What are the lines below, starting at the line containing "Back Brace, TLSO, Thoraco" and ending at the line containing "XXGO 6 Pcs Multi"? Write them out exactly, ends included, without pictures.

» **Material provided**
*** Begin section ***

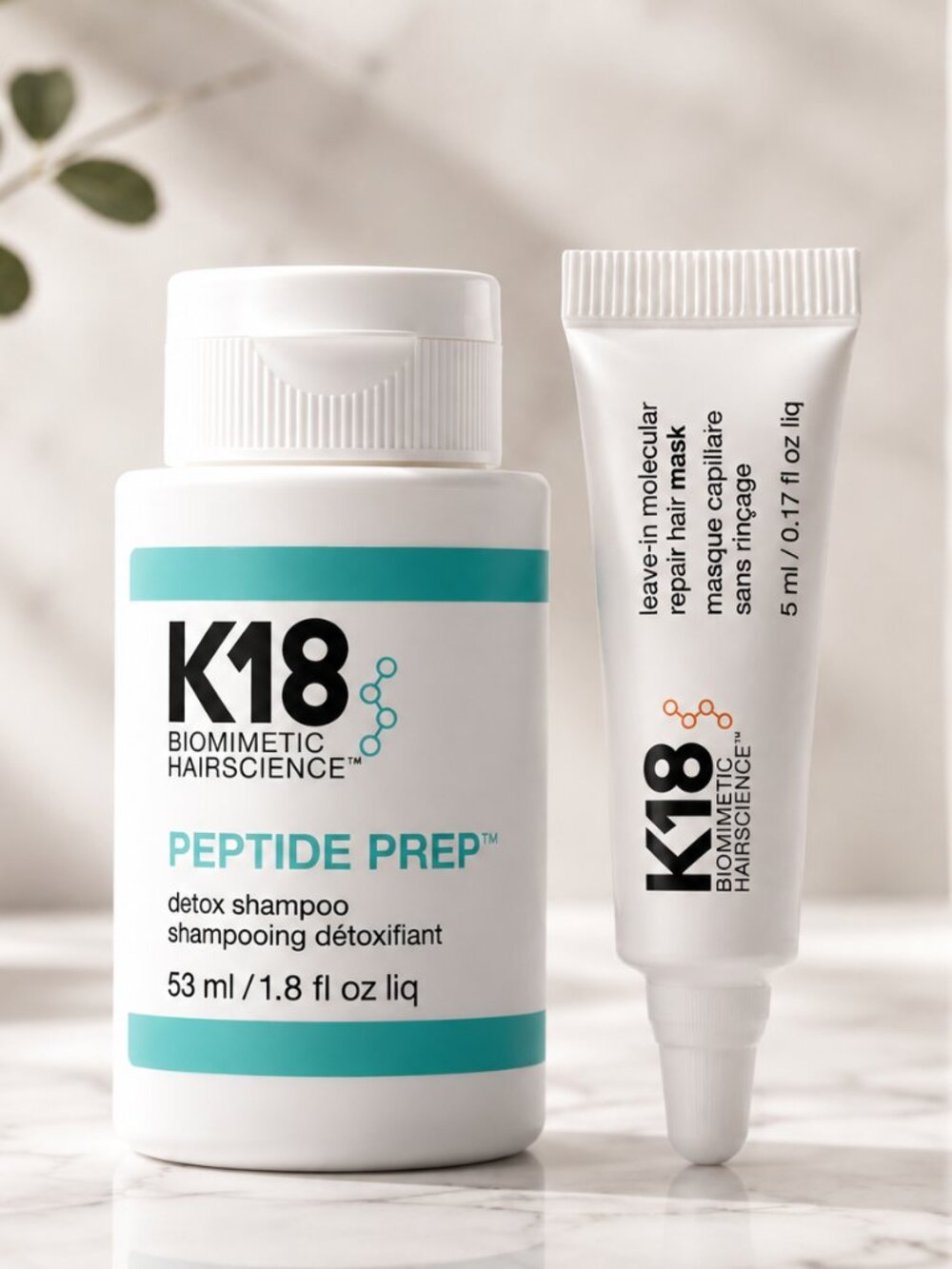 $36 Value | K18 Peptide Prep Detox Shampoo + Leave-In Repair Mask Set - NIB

*** End section ***
*** Begin section ***

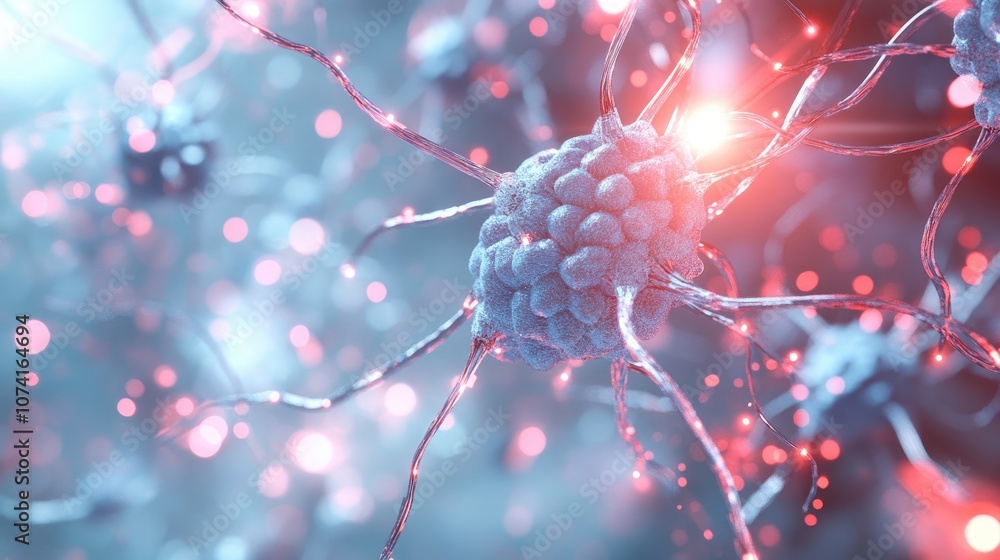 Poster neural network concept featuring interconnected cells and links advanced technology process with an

*** End section ***
*** Begin section ***

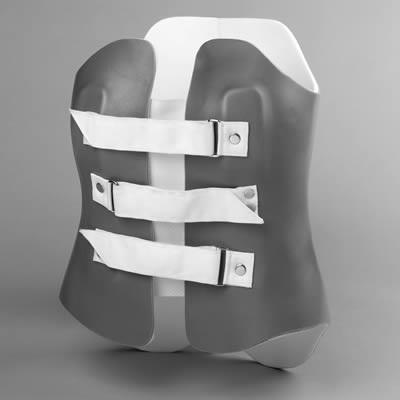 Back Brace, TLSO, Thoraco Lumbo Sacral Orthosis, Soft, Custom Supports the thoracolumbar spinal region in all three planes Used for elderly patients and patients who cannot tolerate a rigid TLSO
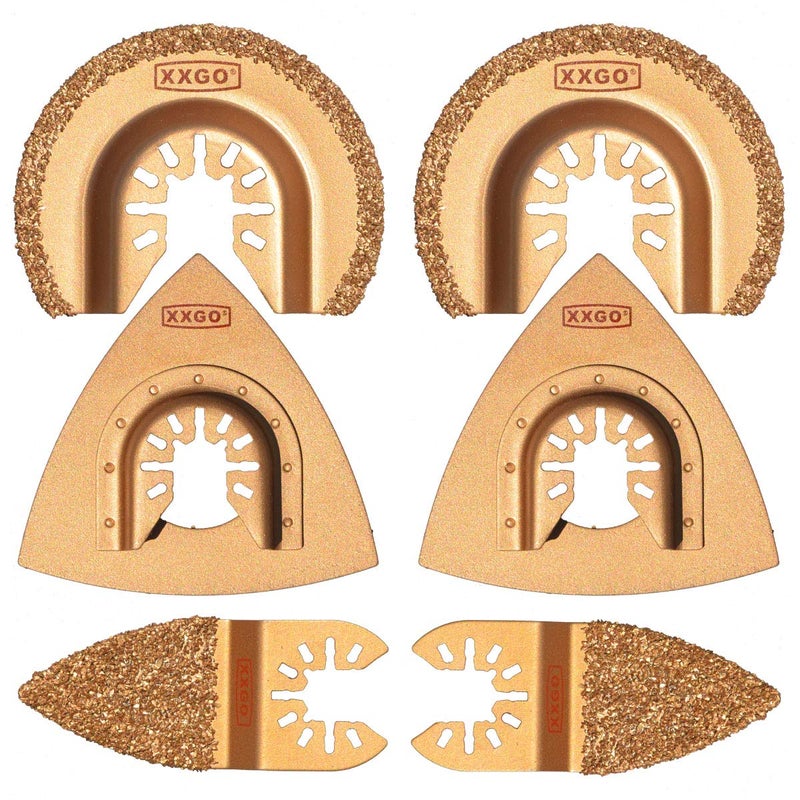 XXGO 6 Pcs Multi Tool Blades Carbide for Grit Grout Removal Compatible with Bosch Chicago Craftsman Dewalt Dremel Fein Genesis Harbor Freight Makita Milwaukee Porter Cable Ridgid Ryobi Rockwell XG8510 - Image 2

*** End section ***

» **Your solution**
 Back Brace, TLSO, Thoraco Lumbo Sacral Orthosis, Soft, Custom Supports the thoracolumbar spinal region in all three planes Used for elderly patients and patients who cannot tolerate a rigid TLSO
 XXGO 6 Pcs Multi Tool Blades Carbide for Grit Grout Removal Compatible with Bosch Chicago Craftsman Dewalt Dremel Fein Genesis Harbor Freight Makita Milwaukee Porter Cable Ridgid Ryobi Rockwell XG8510 - Image 2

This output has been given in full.